Genus-2 Jacobians with torsion points of large order

TL;DR

This paper constructs explicit genus-2 curves over Q with Jacobians having large rational torsion points, including the largest known order of 70, using elliptic curve 'gluing' techniques.

Contribution

It introduces new methods for producing genus-2 Jacobians with large rational torsion points, including the largest known order of 70, via explicit elliptic curve gluing techniques.

Findings

Constructed genus-2 Jacobians with rational torsion points of order 70.

Produced a family of genus-2 curves with torsion points of order 48.

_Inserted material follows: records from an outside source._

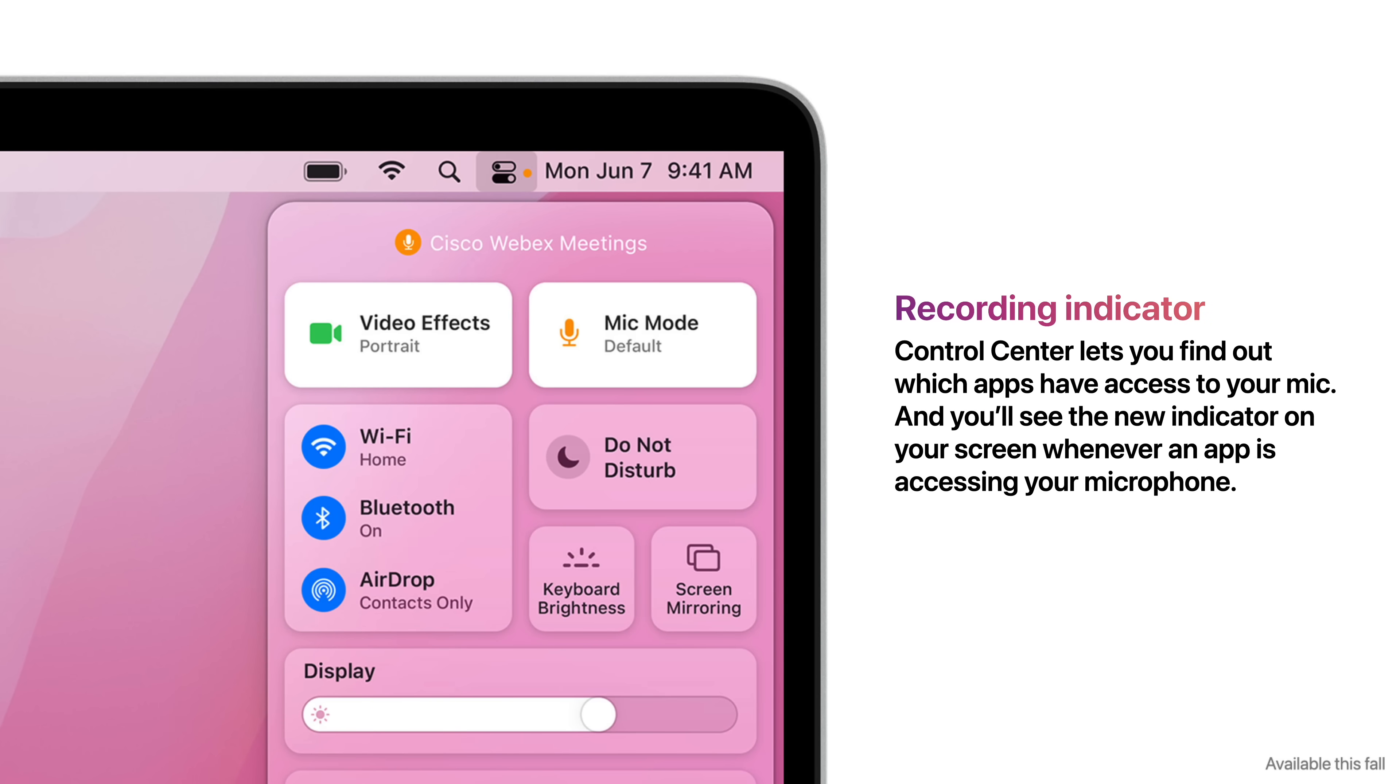And there's a new recording indicator which allows Control Center to find out which apps have access to your microphone. You'll see the new indicator on your screen whenever an app is accessing your mic.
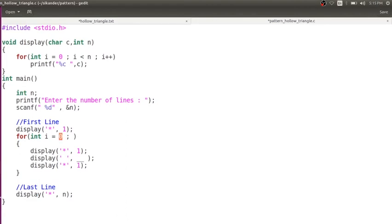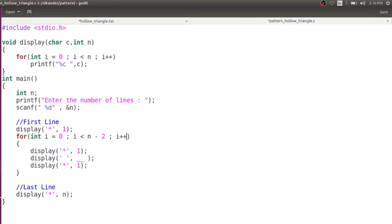I'm going to start the iteration with 0, because the first time I need to print 0 spaces between the stars, second time 1, then 2, then 3, going all the way up to n minus 2. If n is 6, then 6 minus 2 is 4, so when I write i less than 4 and start from 0, it will repeat when i is 0, 1, 2, and 3. So I need to print i number of spaces in between printing these two stars.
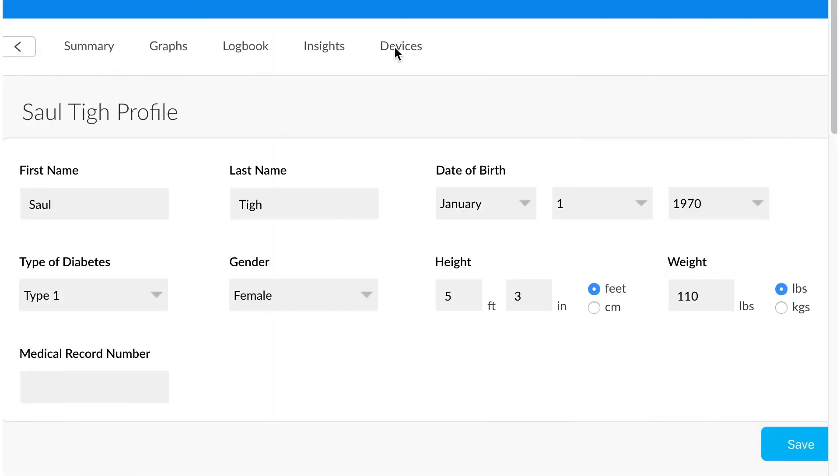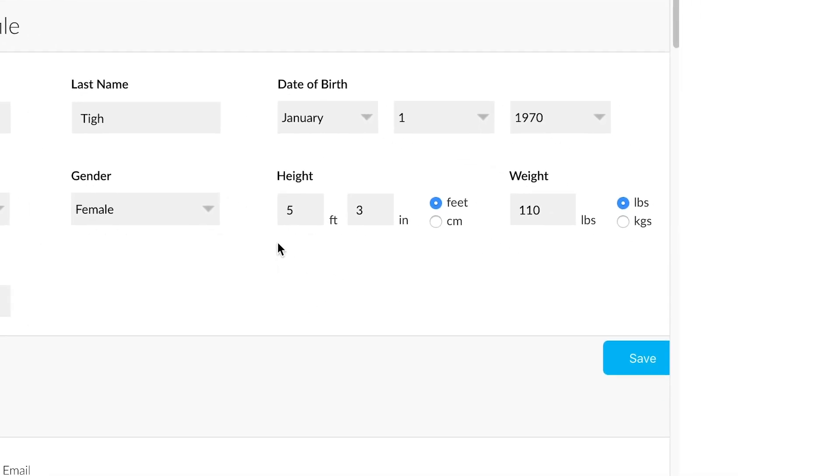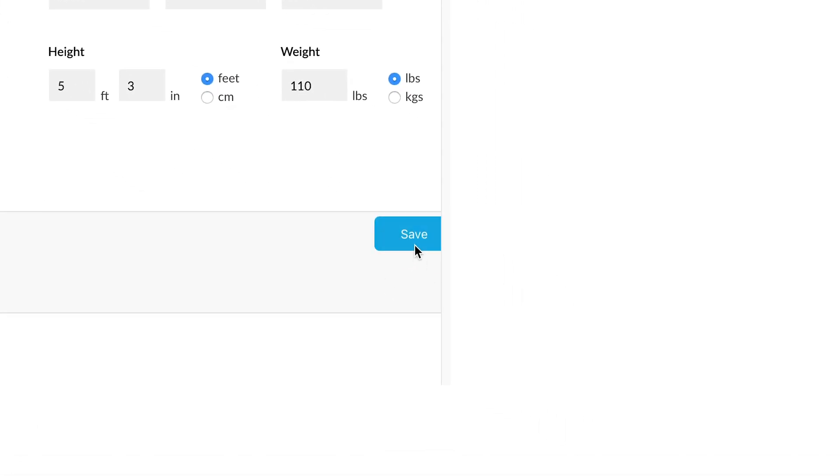From the patient profile, you can edit the name, date of birth, type of diabetes, gender, height, weight, and you can modify a medical record number or add one. To make the change stick, you'll just push the save button over here.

Provided examples with torsion points of orders 27, 28, and 39.

Abstract

We produce new explicit examples of genus-2 curves over the rational numbers whose Jacobian varieties have rational torsion points of large order. In particular, we produce a family of genus-2 curves over Q whose Jacobians have a rational point of order 48, parametrized by a rank-2 elliptic curve over Q, and we exhibit a single genus-2 curve over Q whose Jacobian has a rational point of order 70, the largest order known. We also give new examples of genus-2 Jacobians with rational points of order 27, 28, and 39. Most of our examples are produced by `gluing' two elliptic curves together along their n-torsion subgroups, where n is either 2 or 3. The 2-gluing examples arise from techniques developed by the author in joint work with Lepr\'evost and Poonen 15 years ago. The 3-gluing examples are made possible by an algorithm for explicit 3-gluing over non-algebraically closed fields recently developed by the author in joint work with Br\"oker, Lauter, and Stevenhagen.